Other subjects have inflammation of the heart, usually because of a viral infection; we call this condition myocarditis. And some patients have abnormally positioned arteries (the coronary arteries) that feed the heart muscle. Others may have structural problems with their hearts, such as holes in the walls separating the heart chambers, but these patients usually are identified beforehand, because of the presence of a heart murmur or symptoms.

Last, some cases of sudden death are from the side effects of drugs, either over-the-counter or prescribed medications, or illicit drugs like cocaine.

Q. How can youngsters who might have problems be identified ahead of time? And if a problem is detected, what can be done to prevent subsequent sudden death?

A. How to identify these conditions ahead of time is a controversial and contested topic. While a few patients with one of these conditions will be identified by a routine history and physical examination, most will not. And how to identify them is the real challenge.

The two most useful tests are the electrocardiogram (where leads are attached to the skin and a recording is made of the electrical activity of the heart) and the echocardiogram (where ultrasound is used to generate images of the heart chambers and valves). But there are problems with both screening tests — they cost money; they don’t catch everyone with a potentially fatal condition; and they incorrectly identify many subjects as at risk who on further testing are found to have nothing wrong with their hearts.

So there is no consensus as to whether these screening tests are worth the effort. In Italy, screening is routine, but not so in the United States.

If you are concerned, the best advice I can give you is to talk with your primary care provider for further guidance on this complicated subject.

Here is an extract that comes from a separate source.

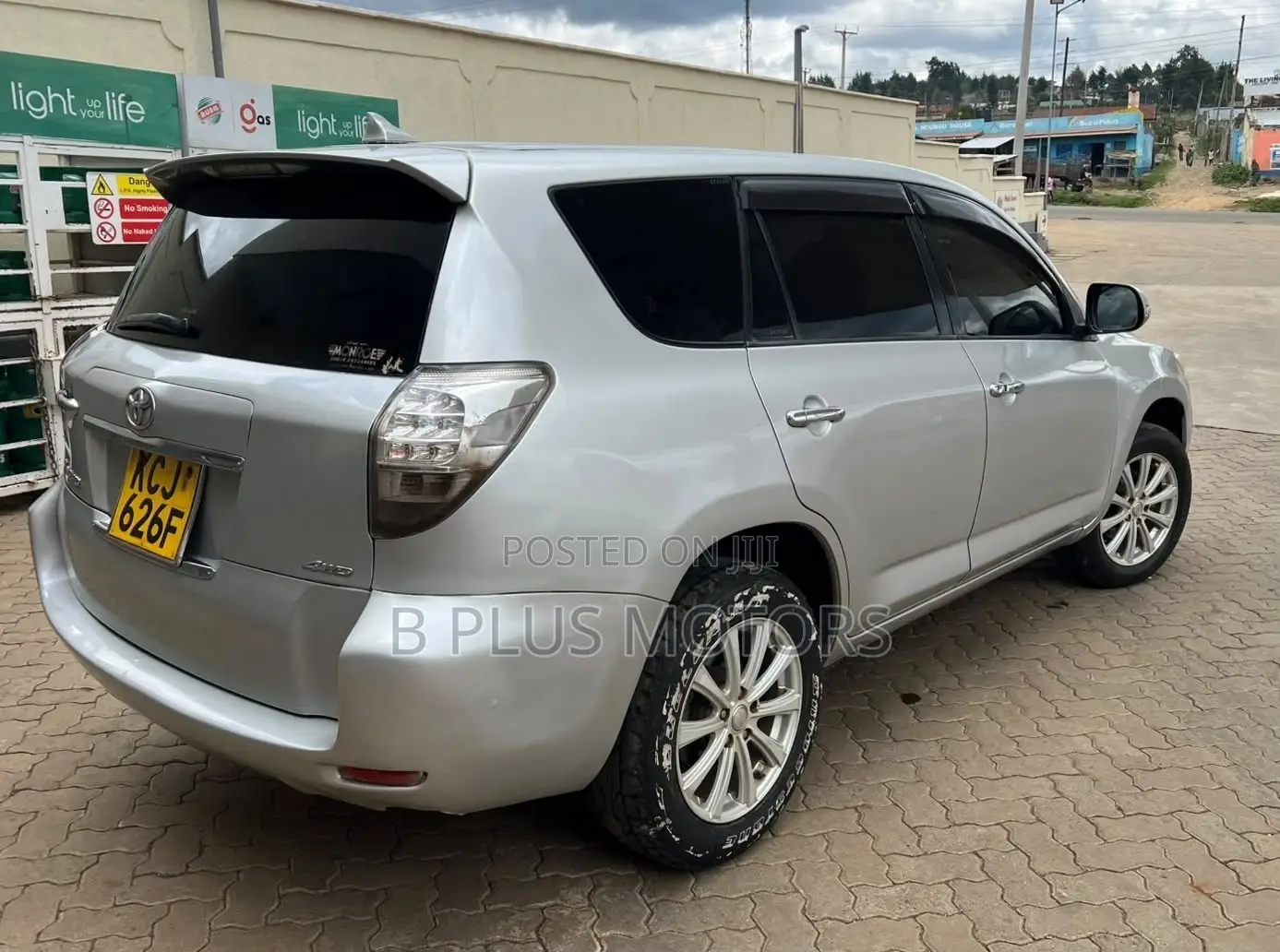 Toyota Vanguard 2010 Silver
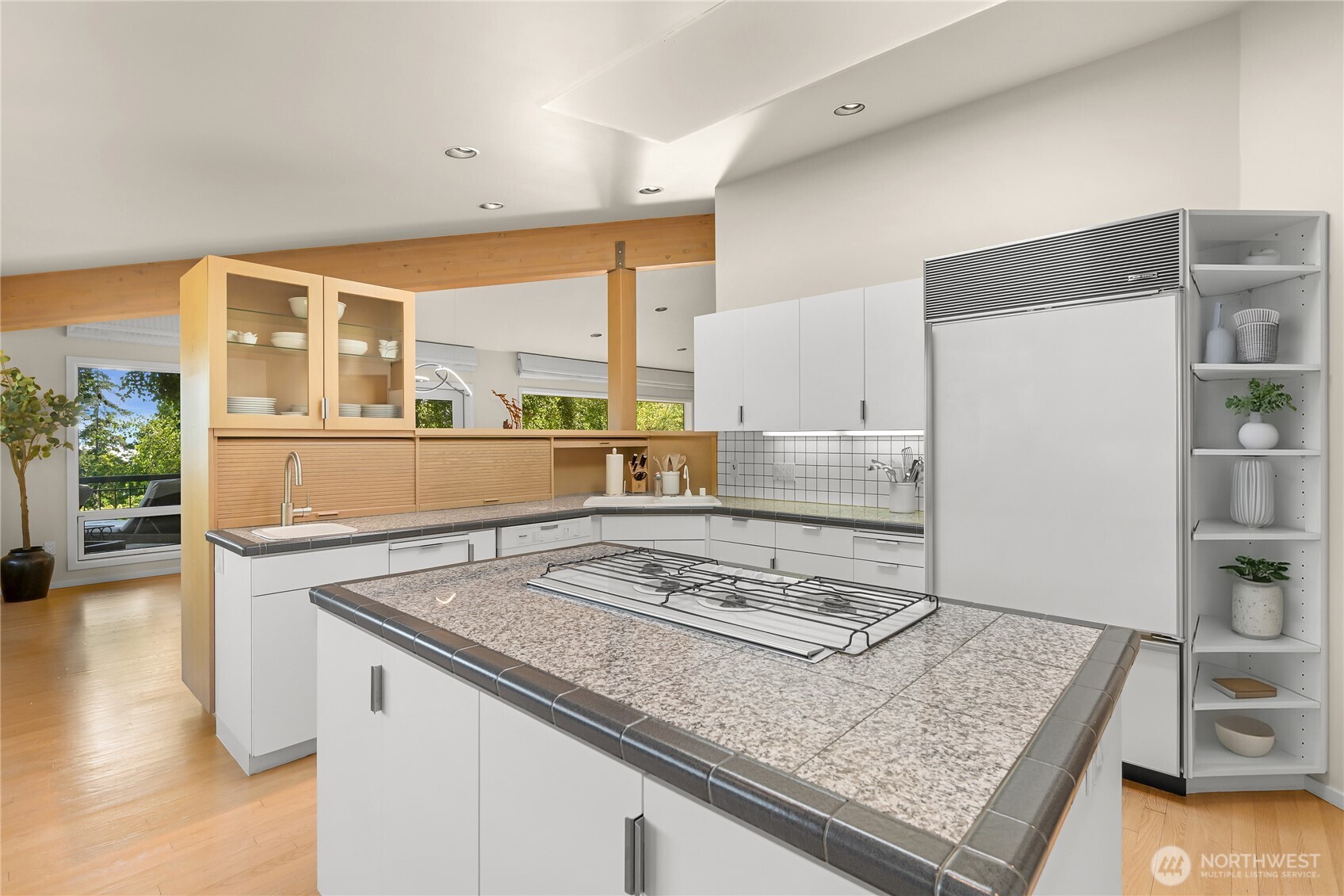 733 Fieldston Road Bellingham, WA 98225 - Photo 17 of 40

As to prevention, if we do identify one of these conditions, the best treatment that we have is a special type of pacemaker called a defibrillator that can be implanted surgically in the upper chest and will shock an abnormal (and potentially fatal) heart rhythm irregularity back to normal if it occurs.

Wynne is vice president for health affairs at UND, dean of the School of Medicine and Health Sciences and a professor of medicine. He is a cardiologist by training.